Each episode is part narration, part talking-head interviews, part dream sequence, part reenactment. This amalgamation of ideas creates an end product that hurts the focus of the series, instead creating episodes that can’t decide their purpose.

Clearly, the target audience is younger viewers, the same age as those starring in each episode. Yet I can’t help but think a Gen-Z crowd will find this cringey. When watching, I was invested in each person’s story (from fighting for an end to period poverty in schools to speaking up against unwarranted pity towards the disablity community), but the presentation of the information was laughable.

The framing device of the series has all the participants sitting on a couch, telling their story aloud. Immediately, the set design takes away from the stars. Why are they sitting in an Urban Outfitters home section that has been placed on the stage of a 1980s syndicated game show? As each story branches off into camera-facing narration, the stories “come alive” with bad reenactments. Painfully bad. These individuals aren’t actors. They do not claim to be actors. So, why place them in acting roles?

One scene as two individuals who have enabled free menstruation products to be available to all classmates in the middle of a dream sequence dance number. This tone shift is the norm, but it never justifies its existence. Would I have not known the success of the period poverty program without seeing teens dance full-out next to lockers?

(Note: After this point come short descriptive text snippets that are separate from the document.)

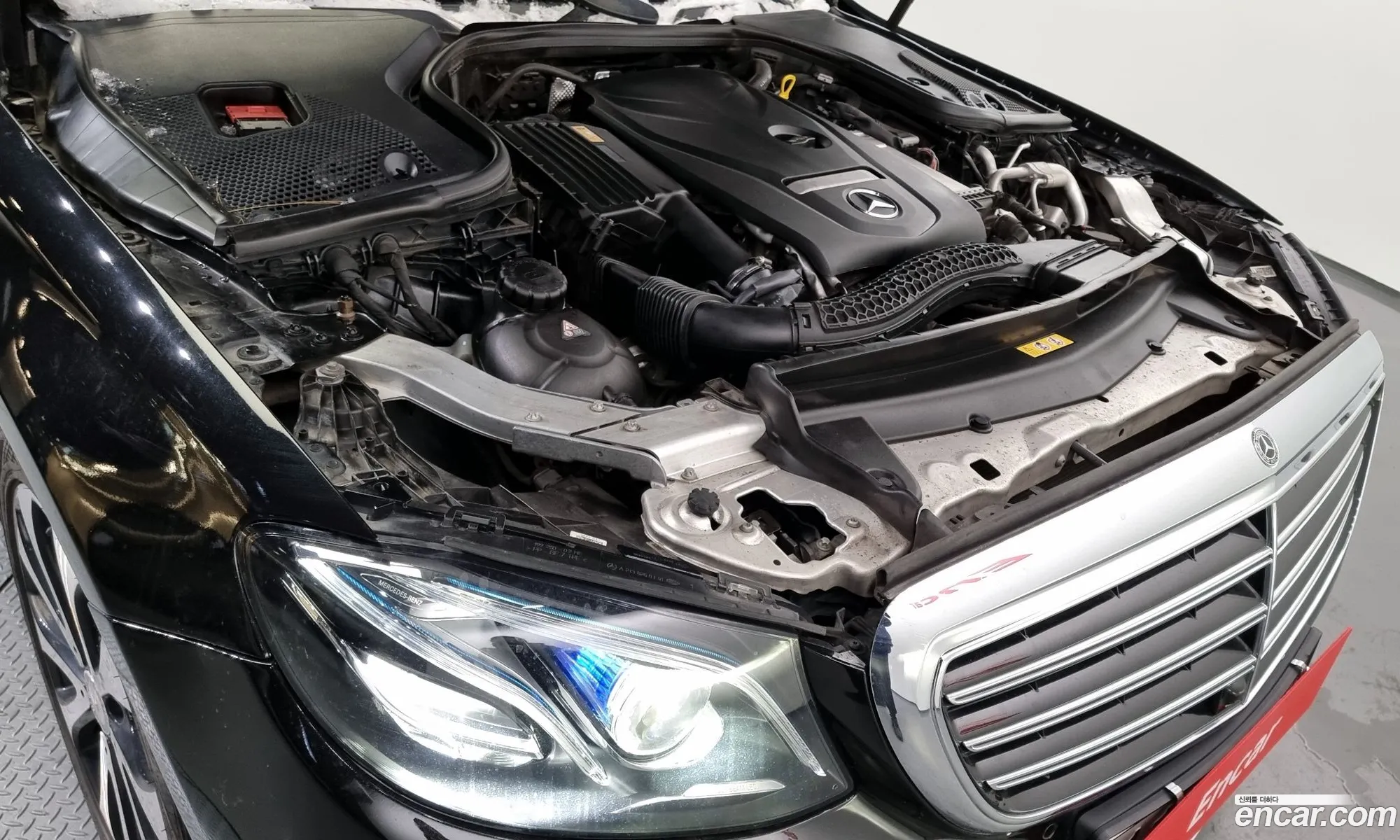 Mercedes-Benz E-Klasse E200 Avant Garde 2017 - фотография 18517285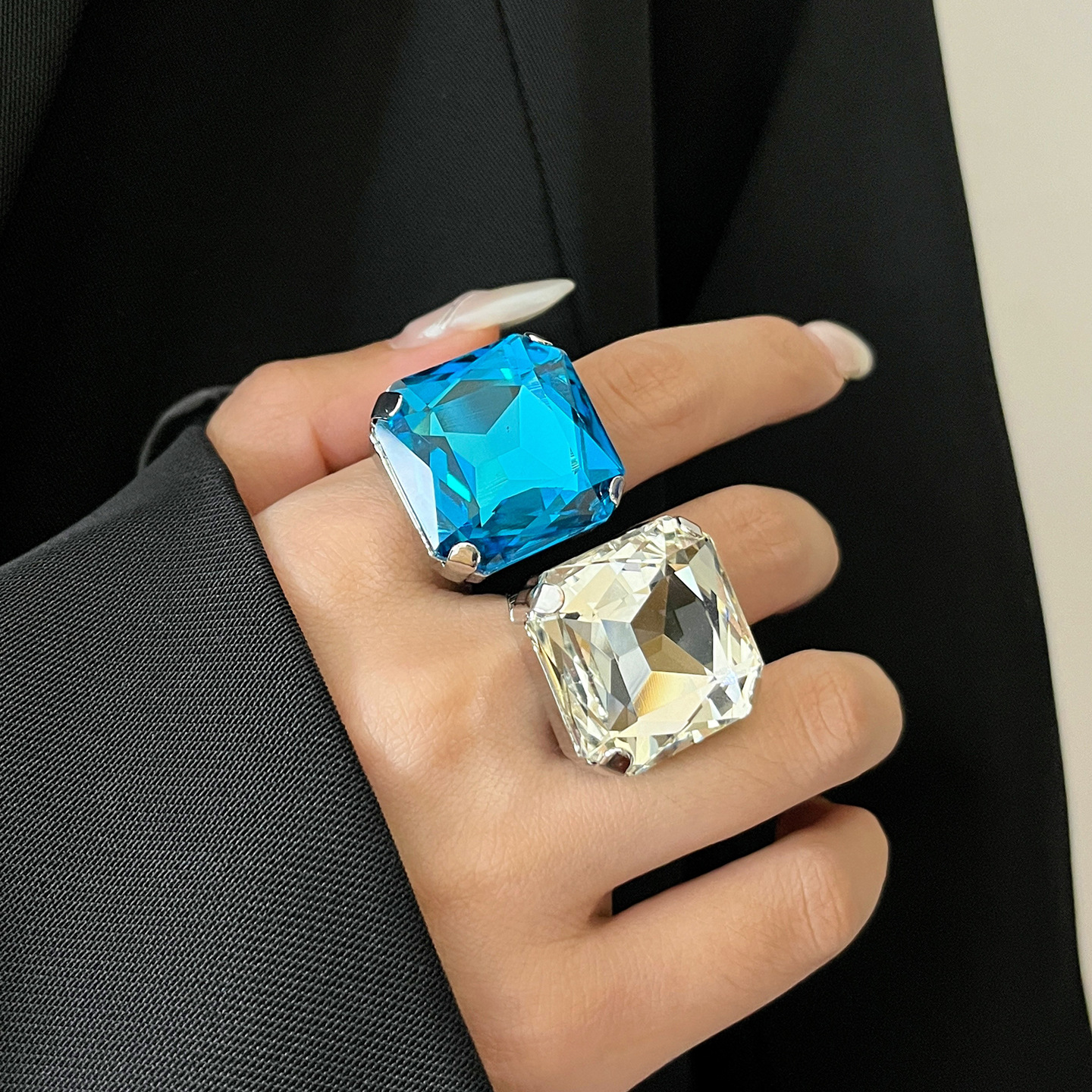 Niche Design Exaggerated Square Large Gemstone Open Ring for Women 2025 New Style Accessible Luxury High-End and Beautiful Ring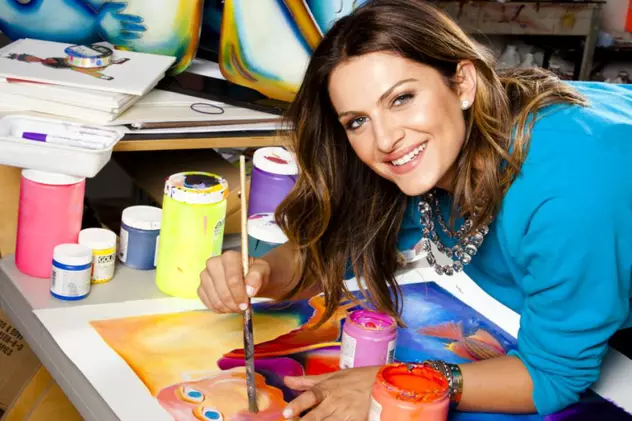 Alexandra Nechita se alătură programului „Reacție pentru educație”. „Micuța Picasso” va intra în direct din L.A. pentru a oferi sfaturi despre pictură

Overall, the show’s stars are interesting, engaging, thoughtful young adults who have stories to tell. Their stories deserve to be heard, whether as a means of connection for those watching at home or for those to open their eyes to the hateful concept of “other.” Frustratingly, the show ruins the chance for the participants’ lives to not be overshadowed by bad stylistic choices throughout. For a simple concept, it’s just all too much.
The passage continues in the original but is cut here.